Ustedes pensarán que, si solo tenemos un patrón de doce notas establecidas, esto podría ser una limitante muy grande para componer. Schöenberg soluciona este problema pues existen 48 formas básicas de tocar una serie determinada:

a)     La forma normal en la que aparece la serie.

b)     La forma invertida de esta serie.

c)      La forma retrógrada de la serie (de adelante para atrás).

d)     La forma retrógrada de la inversión de la serie.

Estas cuatro formas se multiplican por doce, pues cada una de estas series puede empezar en cualquiera de las doce notas de la escala cromática.

Pero después de tanto rollo, escuchemos cómo suena una composición atonal de estas características:

A pesar de lo extraño que pueda sonar este estilo, es mucho más tradicional de lo que imaginamos.
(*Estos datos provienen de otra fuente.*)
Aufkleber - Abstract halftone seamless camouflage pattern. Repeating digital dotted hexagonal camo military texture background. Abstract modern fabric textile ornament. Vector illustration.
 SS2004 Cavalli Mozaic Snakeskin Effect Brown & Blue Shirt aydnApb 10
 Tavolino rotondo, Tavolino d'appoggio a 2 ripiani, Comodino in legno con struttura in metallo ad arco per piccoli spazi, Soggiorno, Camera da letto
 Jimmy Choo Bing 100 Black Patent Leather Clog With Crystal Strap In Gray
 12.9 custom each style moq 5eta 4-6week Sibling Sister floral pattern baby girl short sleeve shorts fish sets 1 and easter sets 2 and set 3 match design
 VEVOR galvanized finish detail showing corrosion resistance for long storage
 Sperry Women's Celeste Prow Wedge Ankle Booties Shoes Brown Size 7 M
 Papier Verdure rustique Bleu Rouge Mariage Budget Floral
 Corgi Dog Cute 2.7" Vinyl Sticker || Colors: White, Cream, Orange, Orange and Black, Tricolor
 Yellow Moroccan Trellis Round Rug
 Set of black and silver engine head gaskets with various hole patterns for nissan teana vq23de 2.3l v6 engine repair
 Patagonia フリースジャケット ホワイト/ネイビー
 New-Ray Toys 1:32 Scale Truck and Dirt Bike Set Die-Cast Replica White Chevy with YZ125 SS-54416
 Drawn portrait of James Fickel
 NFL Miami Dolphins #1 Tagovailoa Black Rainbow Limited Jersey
Con el atonalismo de Schöenberg podemos escribir cánones, fugas, minuetos, sonatas, conciertos, cuartetos de cuerda y cualquier otro género de la música occidental europea, pues la única regla es no repetir los tonos de la escala.

Sin embargo, explorando al límite esta técnica, otros compositores encontraron la idea de Schönberg muy inspiradora y adoptaron su corriente atonal. Pierre Boulez es un claro ejemplo de esto pues lleva al extremo el dodecafonismo estableciendo los patrones no solo en las notas, sino también en el ritmo, las dinámicas, la instrumentación, la articulación y los demás elementos básicos de la música.

Boulez, compositor contemporáneo francés, es el cerebro detrás de lo que hoy llamamos serialismo integral o serialismo total, estilo completamente matemático sin elementos tradicionales aparentes. Boluez es uno de los genios de la música que actualmente viven.

He aquí una de sus piezas :

Este post ha sido un paso más en mi intento por describir los estilos que surgen en la historia de la música. Seguiré hablando de nuevos estilos musicales que han surgido durante el siglo XX y XXI más adelante.